Re: Proposal: replace no-overwrite with Berkeley DB - Mailing list pgsql-hackers

From Tom Lane
Subject Re: Proposal: replace no-overwrite with Berkeley DB
Date
Msg-id 28437.958419360@sss.pgh.pa.us
Whole thread Raw
In response to Re: Proposal: replace no-overwrite with Berkeley DB  (Benjamin Adida <ben@mit.edu>)
Responses Re: Proposal: replace no-overwrite with Berkeley DB
List pgsql-hackers
Benjamin Adida <ben@mit.edu> writes:
> If this were a totally new product, I think it might be an acceptable
> license, a compromise between BSD's total freedom and the GPL's push to keep
> things open-source. However, given that there are existing users of Postgres
> who probably use the binary without distributing source, this license is
> significantly more restrictive than the previous one, and would force
> current users to review their practices.

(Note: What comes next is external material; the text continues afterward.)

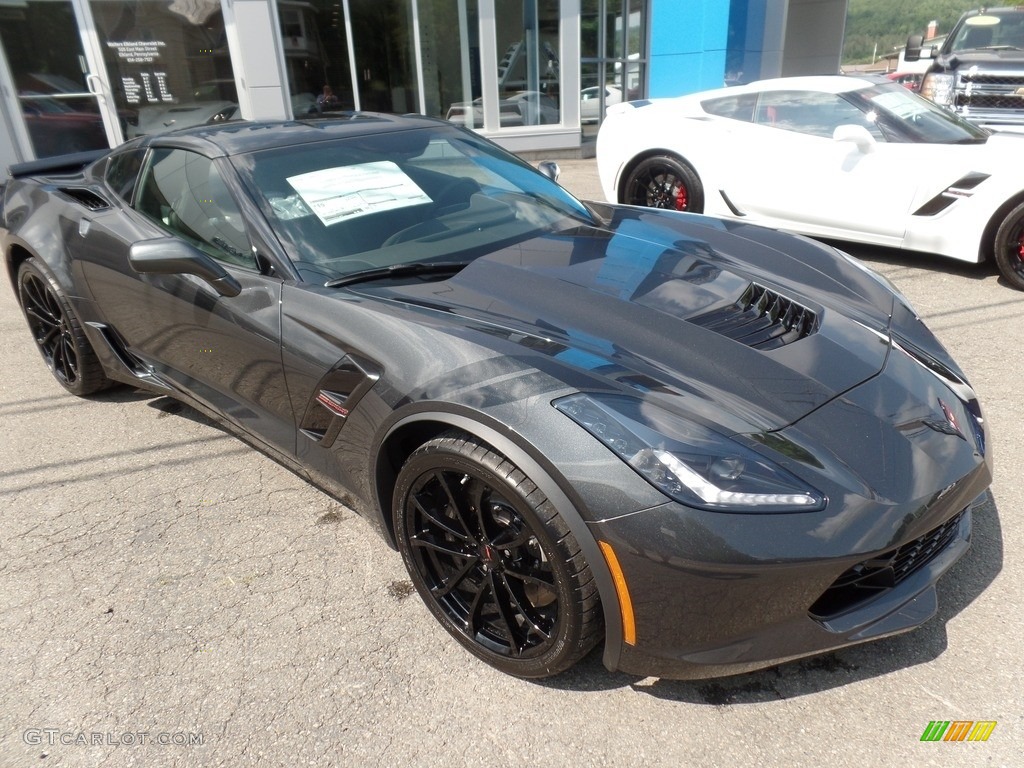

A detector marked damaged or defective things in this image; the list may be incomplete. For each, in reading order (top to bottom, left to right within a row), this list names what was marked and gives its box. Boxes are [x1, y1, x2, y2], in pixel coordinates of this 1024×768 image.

cracked asphalt [0, 159, 1019, 765]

IMHO it would not be acceptable to make Postgres distribution even a
little less free than it is now.  However, it could be that we can get
around that.  According to the FAQ on Sleepycat's website, they consider
that the open-source restriction applies to the software that directly
calls Berkeley DB --- which would be Postgres.  Code that sits atop
Postgres could still be proprietary without triggering licensing
requirements.  So their existing policy is already close to what we'd
need.

Also, I note (forget if this is on their website or if it was in last
night's private email) that Sleepycat have cut some sort of special
licensing deal with Gnome to persuade the Gnome folks that it's OK for
them to depend on Berkeley DB.  So I expect they'd be open to making
a similar deal with us.  I think a written, signed agreement between
Sleepycat and us, guaranteeing that Berkeley DB + Postgres could be
distributed as freely as Postgres is now, is possible and would solve
everyone's concerns on this issue.

I'm more concerned about the technical issues, the biggest of which
is how we can preserve MVCC semantics.  Mike made a good point that
users don't care about implementation technology --- but they do care
about results, and MVCC's lack of locking (readers don't block writers
nor vice versa) is an important result that I'm unwilling to give up.
I'm also dissatisfied with the idea of going through a "Recno" access
method to get at heap data; that sounds like a recipe for serious
performance degradation.  However, maybe we could address issues like
that by working with the Sleepycat guys to develop a true heap access
method within their framework.  The MVCC issue is more serious because
I'm not sure that could be added to their framework after-the-fact.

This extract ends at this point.